Deep Episodic Memory: Encoding, Recalling, and Predicting Episodic Experiences for Robot Action Execution

Project realised at the High Performance Humanoid Technologies Lab.

We present a novel deep neural network architecture for representing robot experiences in an episodic-like memory which facilitates encoding, recalling, and predicting action experiences. Our proposed unsupervised deep episodic memory model 1) encodes observed actions in a latent vector space and, based on this latent encoding, 2) infers most similar episodes previously experienced, 3) reconstructs original episodes, and 4) predicts future frames in an end-to-end fashion. Results show that conceptually similar actions are mapped into the same region of the latent vector space. Based on these results, we introduce an action matching and retrieval mechanism, benchmark its performance on two large-scale action datasets, 20BN-something-something and ActivityNet and evaluate its generalization capability in a real-world scenario on a humanoid robot.

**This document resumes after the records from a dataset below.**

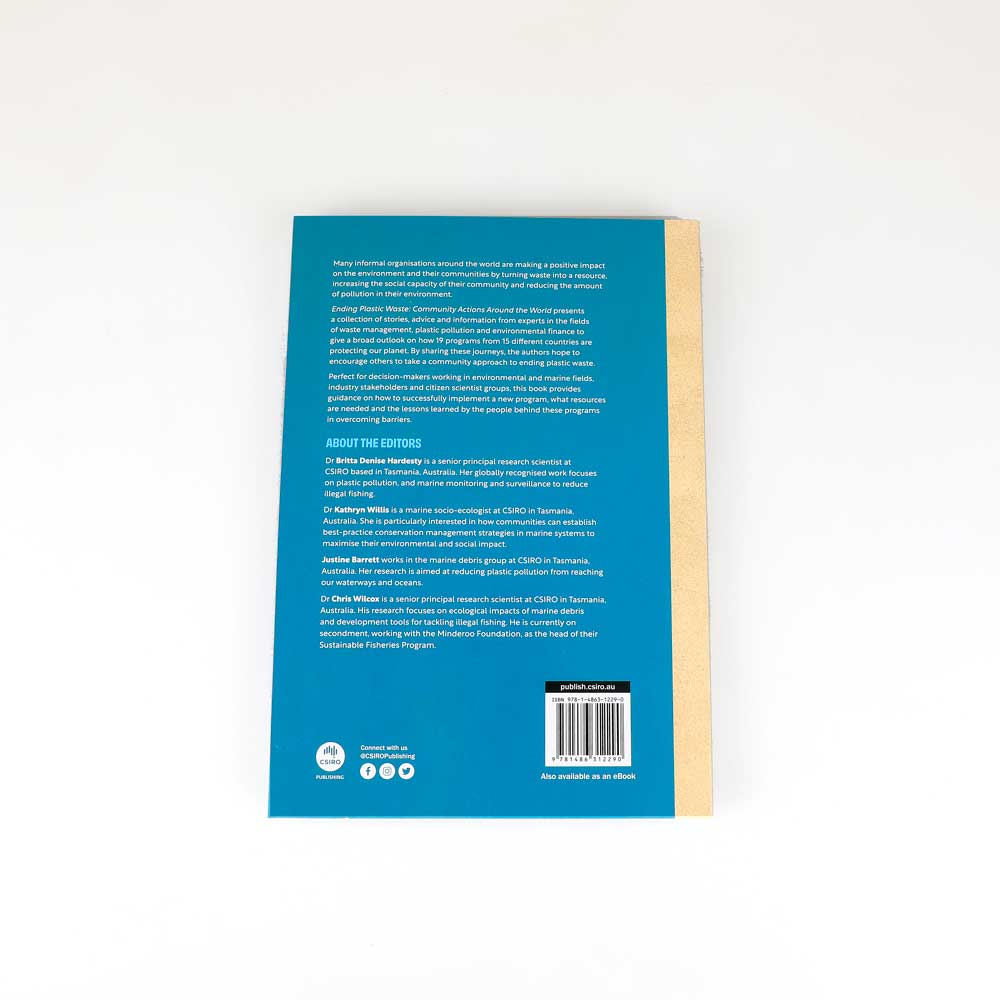 Ending plastic waste community actions around the world. Back cover view photographed on white background. Australian Museum Shop online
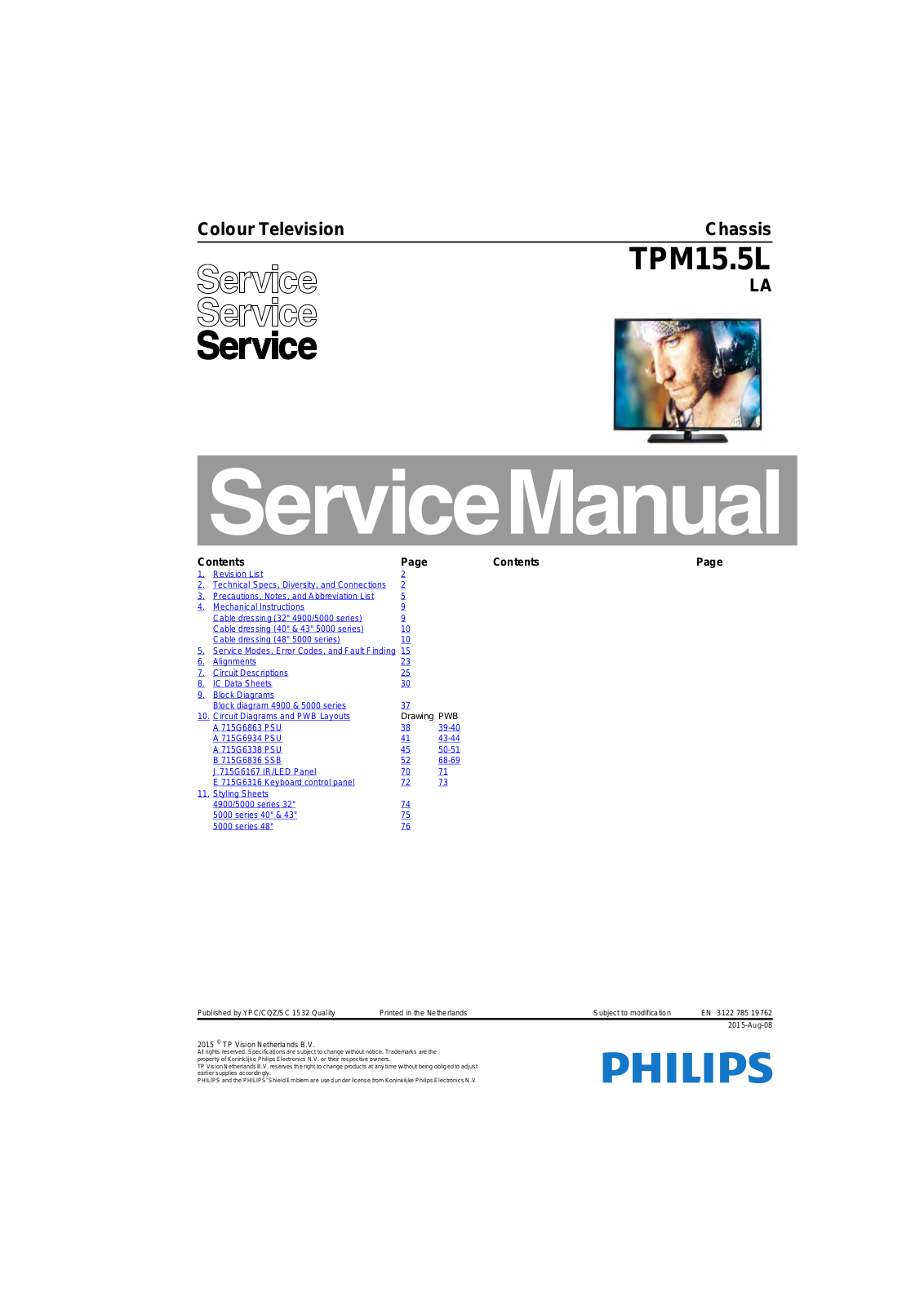 Philips 32PHG4900/78, 32PHG5000/78 Schematic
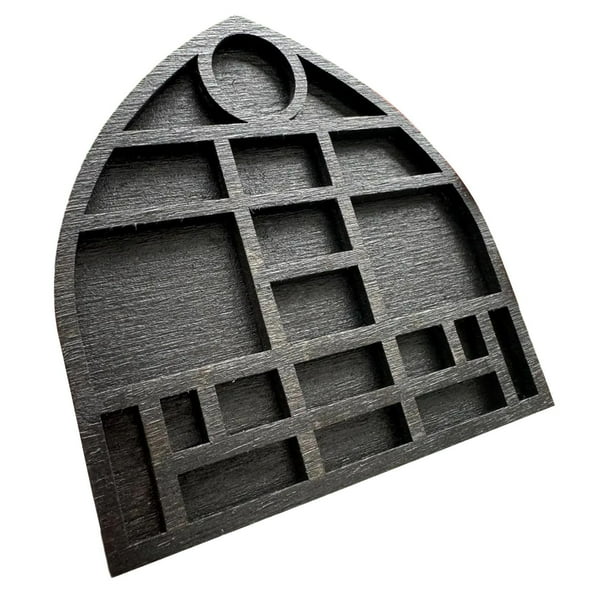 Estante de madera en miniatura para objetos de colección, organizador con múltiples compartimentos para joyas Negro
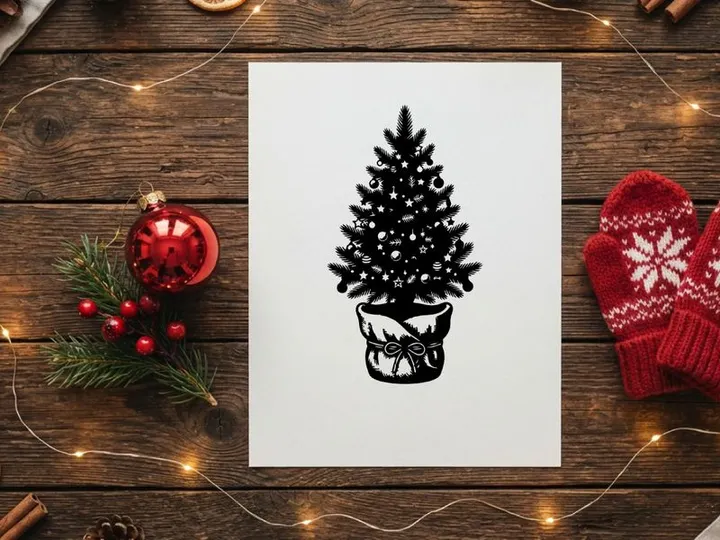 Decorative Christmas Tree in a Pot for Holiday Celebrations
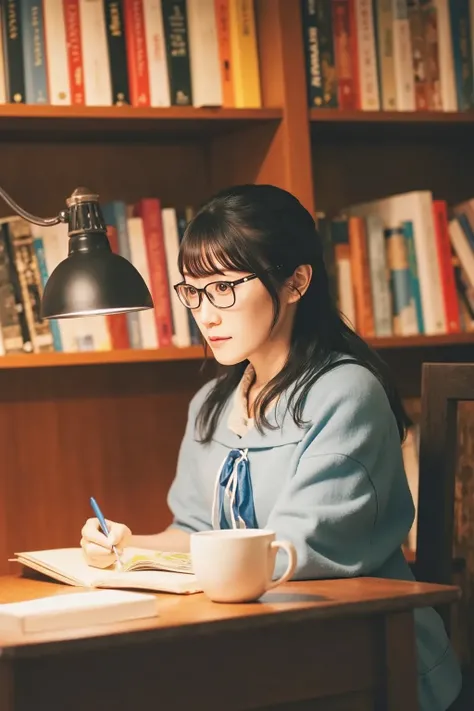 "A smart-looking woman with glasses, sitting in a cozy study room, reading a book. She has a thoughtful expression, and the warm lighting from a desk lamp highlights her face. The background features wooden bookshelves filled with books, a classic wooden d...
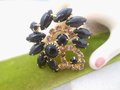 Vintage Black Brooch Flower Pinwheel Pin Cluster Rhinestone Mid Century Jewelry Gift, VivianJoel.com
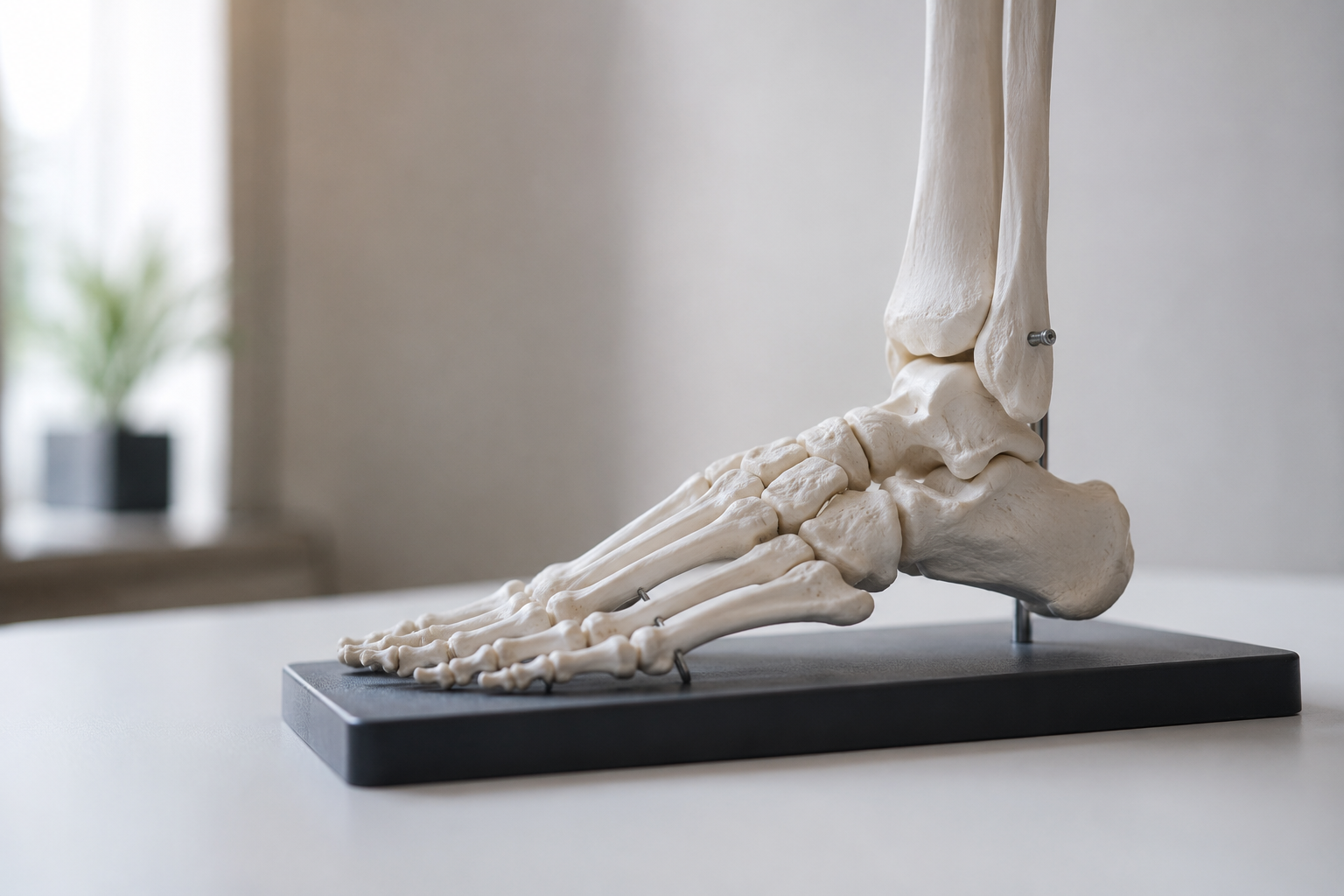 Anatomisch model van de voet in de praktijk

Contribution: The contribution of this work is manifold: (1) We implement a new deep network to encode action frames into a low-dimensional latent vector space. (2) Such a vector representation is used to reconstruct the action frames in an auto-encoder manner. (3) We show that the same latent vectors can also be employed to predict future action frames. (4) We introduce a mechanism for matching and retrieving visual episodes and provide an evaluation of the proposed method on two different well-known action largescale datasets. (5) Finally, we demonstrate the possible application of our approach on the humanoid robot ARMAR-IIIa.

Authors: Jonas Rothfuss*, Fabio Ferreira*, Eren Erdal Aksoy, You Zhou and Tamim Asfour
(*equal contribution)

[arXiv]

Model Throughput Efficiency

In real-time applications such as robotics it might be important to know the processing speed of one’s model. Therefore, we conducted a small experiment in which we measured the throughput efficiency of our 20BN-trained model on one of our workstations (see specs below). We report two frame rates: one measured just with the encoder (since in our work we’re mainly interested in computing only the hidden representation at test time) and the other one measured over the entire model (encoder and both decoders):

Frames-per-second (encoder only): 273
Frames-per-second (encoder and both decoders): 102 

tested on the following workstation set-up:
Hardware
:
GPU: GeForce GTX TITAN X GM200-400
CPU: Intel(R) Core(TM) i7 4790K CPU @ 4.00 GHz (4 cores, 8 threads)
RAM: 32GB
Software:
Framework/API: TensorFlow 0.12.1 (32 queue runner threads), CUDA Version 8.0.61, CuDNN 5.1.10
OS: Ubuntu 14.04.5 LTS

 

Trainings Overview

All trainings have been executed with our conv5/conv LSTM model with an FC LSTM layer of 1000 units, yielding 1000-dimensional latent representations. The ratio of images given to the encoder / decoder (prediction) / decoder (future) for our models is 5/5/5.

Model Configurations Overview

Models used during training – Layers from encoder input (left) to output (right). For conv and conv LSTM layers the filter size kxk is provided whereas fully connected (FC) layers and fully connected LSTM are characterized by their layer size n.